Because of the insane amount of power this behavior confers. In this story it escalated into a VP getting fired. It's a given that if there's that kind of power to be had, it's going to be pursued.
Firing the VP for such a transgression is a good way to virtue-signal about how much they "support LGBTQ", so I'm not sure how much this actually disagrees with the parent?
Firing the VP isn't the goal, in fact it's detrimental to it. The goal is to make others think that the company is doing "good" by its employees and society, so we ignore the company's mis-steps.
I work with a few people that you may be referring to and have friends like that too. I use the pronouns that they request. Why? Because I'm not a jerk.
Sure, if I wanted to make a stink, I could. Do I have my own opinions? Yeah, of course.
But making a stink is not going to help anyone. Putting my own opinions aside (whatever they may be) and being kind is the only path forward that keeps communication open and honest.
As to your last question, it's all about the $$$. Deflect attention to culture war problems and pick the pockets. That old LBJ quote, but they've figured out how to do it for the progressives as well as the racists.

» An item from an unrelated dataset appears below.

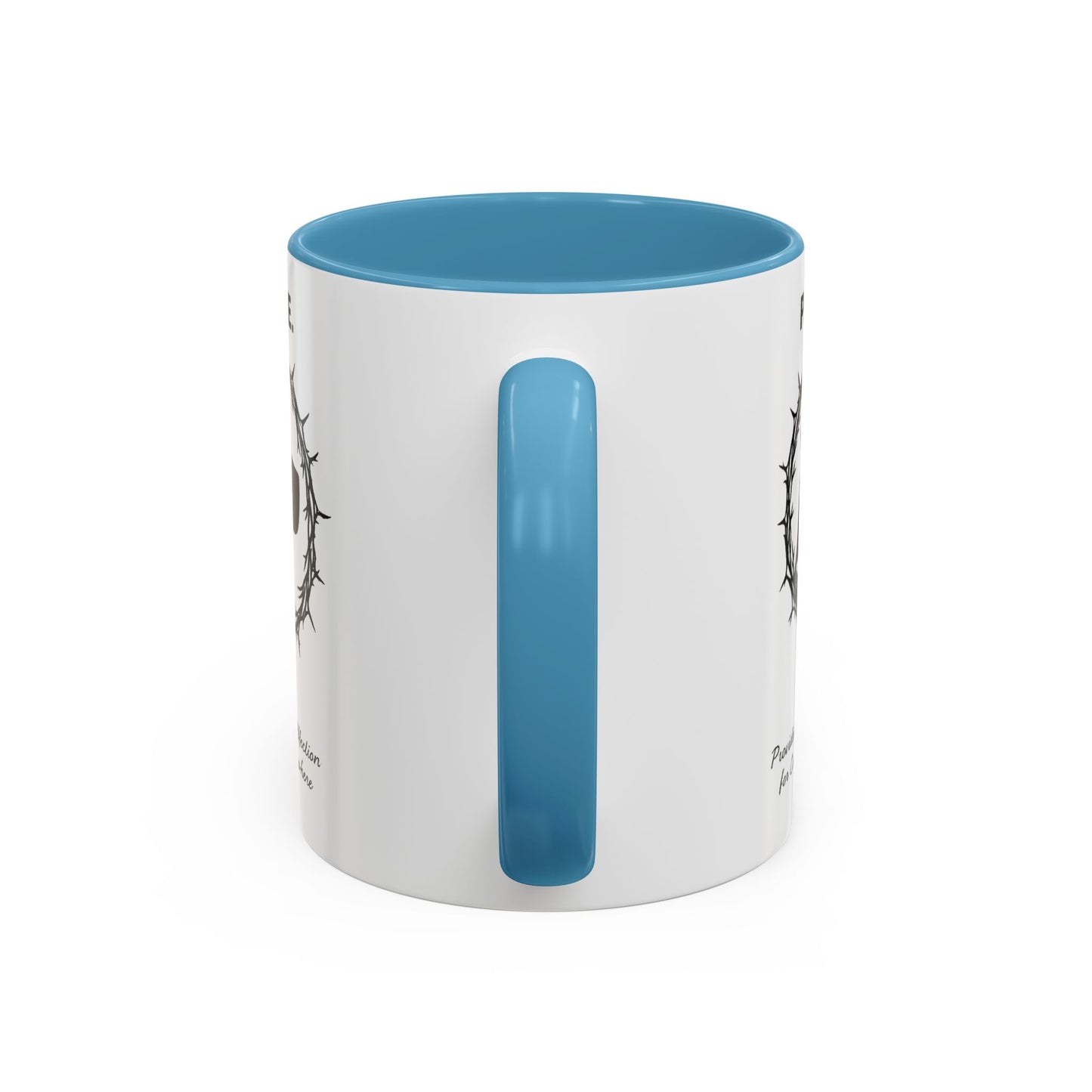 Accented Ceramic Mug with P.E.A.C.E. Logo | Support Large Breed Dog Rescue (11oz & 15oz)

Today, you can say that people who think themselves kittens aren't sane and most people won't disagree with you. 20 years ago you could say that men who think themselves women aren't sane, and most people wouldn't disagree with you. Who can say what the future will hold in store for our culture. I know it seems unlikely now, even farcical like an argument being made in bad faith, but that's how it always is.
I believe it all stems from ESG investing principles: firms are incentivized to pander to these ETFs who have mandates indirectly trickling down from the biggest players in the market (who have taken on the moral obligation to establish and distribute our system of ethics via capital allocation).
So then what is behind this ESG investing movement? Probably something sinister. nbd.
This has nothing to do with accommodation or tolerance and everything to do with the power it gives people over others. I don't know why people go along with this nonsense. It's way worse than any mainstream religion at this point.
> Additionally, Scharf received a reprimand for not using preferred pronouns in notes related to an interview he conducted with a job applicant whose preferred pronouns did not align with their biological gender. Scharf argued in the lawsuit that he refrained from using any pronouns during the interview and only used the applicant’s biological pronouns in internal notes.
It is so easy to just always write "the candidate" in your interview notes, and never need to write any third person pronouns. Certainly he was making a stand, rather than just non-confrontationally abiding by his beliefs. Obviously one wouldn't use any gendered pronouns in the interview since we only have "you" in English - though I imagine "refrained from using any pronouns" is a misreporting.
He should have known he was going down a dangerous path doing what he did, but it was bound to happen somewhere. Someone has to die on this hill. Now let's see if the courts are going to stick to the letter of the law or succumb to culture war pressures like so many other institutions have done
As far as I know you can't change your gender without going through an administrative process at the government, which at least means changing your identity card.
I don't know about U.S., but in my country there's an administrative team that has to approve gender change (operations are not required by law).
Have you ever taken notes during an interview? If I wrote "the candidate" every time, I would just lose track of what the candidate is saying.
On top of that, I don't know how it works at Bitwarden, but interview notes are only supposed to be used by you to later synthesize, so it shouldn't matter if you write "the candidate", "the dude", or whatever else is the most efficient when taking notes.
Lastly, it wouldn't even come to my mind to ask a candidate's pronouns in an interview, so it's already unreasonable expectations for me to even know them.
Have you ever shared interview notes with anyone? I type mine up... and 'TC' is just as useful in my shorthand as he/she would be.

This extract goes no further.